Most people don't know that there are fundamentally two different kinds of "union" types: "tagged unions" and "untagged unions". Now .NET is introducing tagged unions, but unfortunately they stick to the popular tradition of calling them just "unions", which greatly adds to the confusion.

To clarify, these tagged unions are fundamentally different from the untagged unions that can be found in languages like Typescript or Scala 3.

Tagged unions (also called "discriminated unions" or "sum types") are algebraic data types. They act as wrappers, via special constructors, for two (or more) disjoint types and values. So a tagged union acts like a bag that has two (or more) labelled ("tagged") slots, where each slot has exactly one type and exactly one of these slot can take a value.

Untagged unions are set theoretic (rather than algebraic) data types.

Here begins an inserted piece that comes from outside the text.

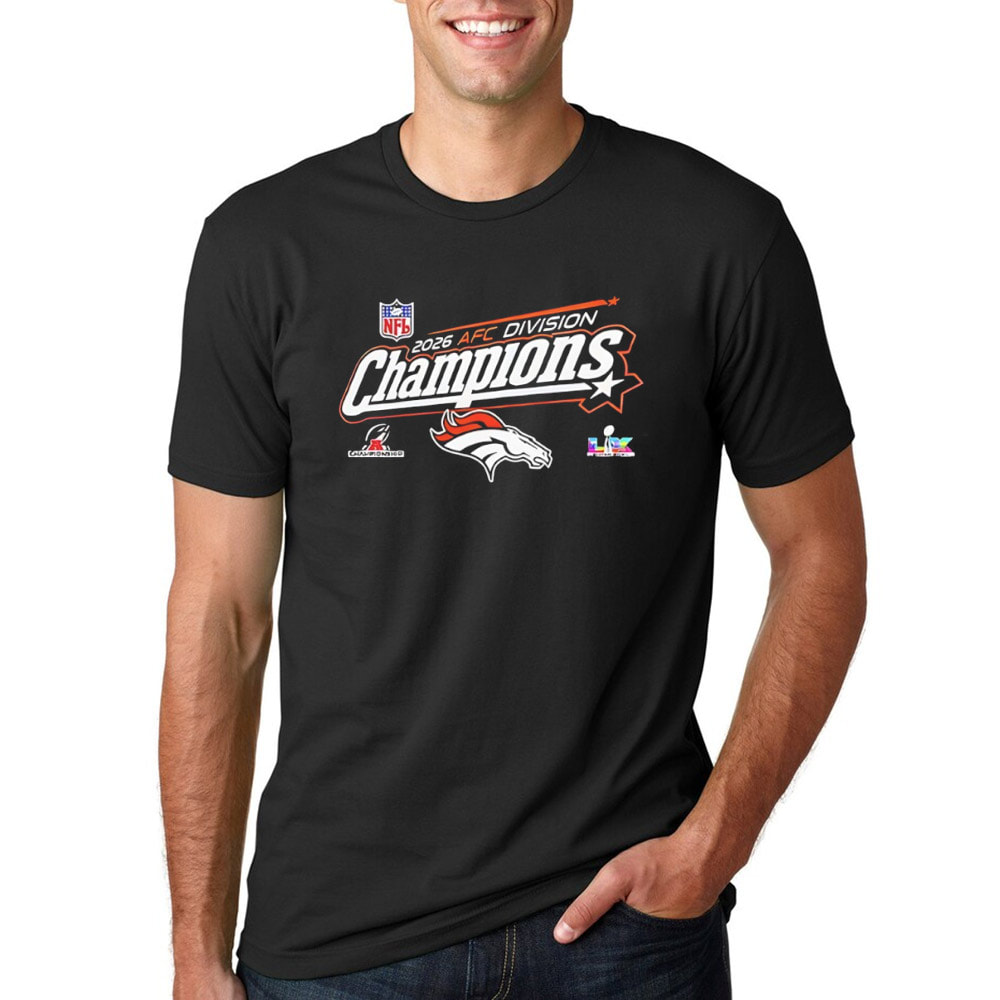 2026 AFC Divisional Champions Denver Broncos Celebration Shirt 2026 AFC Divisional Champions Denver Broncos Celebration Shirt
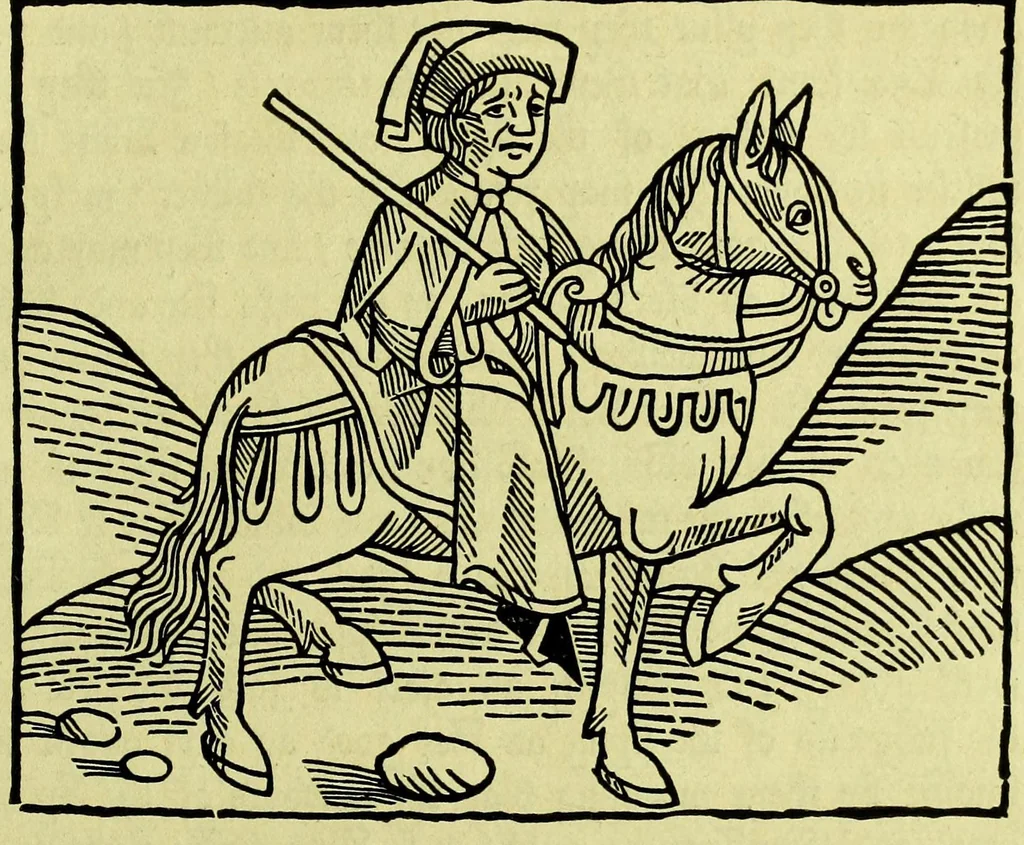 An illustration from The game of the chesse, 1855, leaf 163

They don't require wrapping via a special constructor. They behave like the logical OR. They are not disjoint slots of a separate construct. A variable or function x with the type "Foo | Bar" can be of type Foo, or Bar, or both. To access a Foo method on x, one has to first perform a typecheck for Foo, otherwise the compiler will refuse the method call (since x might only have the type Bar which would produce an exception). If a variable is of type A, it is also of type A|B ("A or B"). There are also intersection types (A&B) which indicate that something has both types rather than at least one, and complement/negation types (~A indicates that something is of any type except A). Though the latter are not implemented in any major language so far.

troad 2 hours ago | parent [-]

Underlyingly, all unions are the same concept, exposed by C's `union` keyword, namely overlapping memory (as opposed to `struct`s, which are sequential memory). You can add a discriminator tag to your unions, your call. If it is impossible for there to be ambiguity (e.g. you track the state somewhere else, and you're dealing with a large array), it may be redundant / memory inefficient to tag every item.

Having these tags be a language construct is just a DX feature on top of unions. A very handy one, but it doesn't make tagged and untagged unions spring from different theoretical universes. I enjoy the ADT / set-theoretic debate as much as the next PL nerd, but theory ought to conform to reality, not vice versa.